Posted by: Francis | April 14, 2006 3:17 AM
"Fuck!"*
* Imperative not interjection
"Well, we've discovered a cure for AIDS that also prevents pregnancy, gives a heart-healthy 4 hour erection, and stimulates vaginal lubrication. We're calling it Ifuxetol."
"...and then the Federal Regulatiasaurus ate all our inventory and stomped all over our production facilities. So that's why we're 600 sticks down this quarter. But we're naked because we're incompetent."
Posted by: TG Gibbon | April 14, 2006 9:04 AM
For the crimes that our corporation committed on Earth, we have been sentenced by Satan to live out a scene from the Get Smart movie "The Nude Bomb" for eternity.
Posted by: toothychum | April 14, 2006 1:09 PM
Our company is doing so badly that we can't even afford clothes, yet were somehow able to arrange transportation here and rent out enough space to hold our shareholders.
Posted by: Tom | April 14, 2006 1:47 PM
"Permit me to make the following announcement.

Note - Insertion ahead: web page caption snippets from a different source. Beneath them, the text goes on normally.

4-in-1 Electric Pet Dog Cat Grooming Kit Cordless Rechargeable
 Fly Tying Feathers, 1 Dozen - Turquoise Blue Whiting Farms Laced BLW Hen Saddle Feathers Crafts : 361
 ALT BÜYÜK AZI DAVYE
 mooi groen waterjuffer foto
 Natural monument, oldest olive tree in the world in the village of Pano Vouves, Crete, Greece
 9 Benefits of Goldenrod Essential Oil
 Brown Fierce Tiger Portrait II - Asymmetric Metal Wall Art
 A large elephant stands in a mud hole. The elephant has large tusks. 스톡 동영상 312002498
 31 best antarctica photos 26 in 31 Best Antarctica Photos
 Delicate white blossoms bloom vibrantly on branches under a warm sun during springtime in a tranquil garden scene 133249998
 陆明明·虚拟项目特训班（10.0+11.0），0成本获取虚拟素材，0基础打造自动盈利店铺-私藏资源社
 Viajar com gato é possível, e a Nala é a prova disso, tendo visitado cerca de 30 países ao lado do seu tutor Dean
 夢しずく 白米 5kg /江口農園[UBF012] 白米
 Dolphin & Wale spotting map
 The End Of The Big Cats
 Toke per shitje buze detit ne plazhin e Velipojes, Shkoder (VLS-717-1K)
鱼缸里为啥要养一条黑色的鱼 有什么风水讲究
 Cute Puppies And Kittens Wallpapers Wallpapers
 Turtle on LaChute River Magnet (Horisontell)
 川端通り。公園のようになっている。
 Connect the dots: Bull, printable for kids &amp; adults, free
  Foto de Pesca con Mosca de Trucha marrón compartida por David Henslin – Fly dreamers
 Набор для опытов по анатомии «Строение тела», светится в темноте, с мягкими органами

The clothes we are missing are: three ladies suits; four gentlemens' suits . Three unisex bras and four pairs of womens' panties, three of them thong-style; one pair of men's boxers with bull-dogs printed on them; one pair of white fishnet hose and six pairs of men's socks; seven pairs of gender-neutral high-heeled boots , and one boy's hat. Two of us were not wearing underpants."
Posted by: david s. | April 14, 2006 6:37 PM
"Last night we went to a strip club."
"Welcome to the next phase in our Campaign for Real Beauty!"
"Our new credo is, 'If you can't find shoes, you must go nude.' So please find us shoes. Or turn off the air conditioning."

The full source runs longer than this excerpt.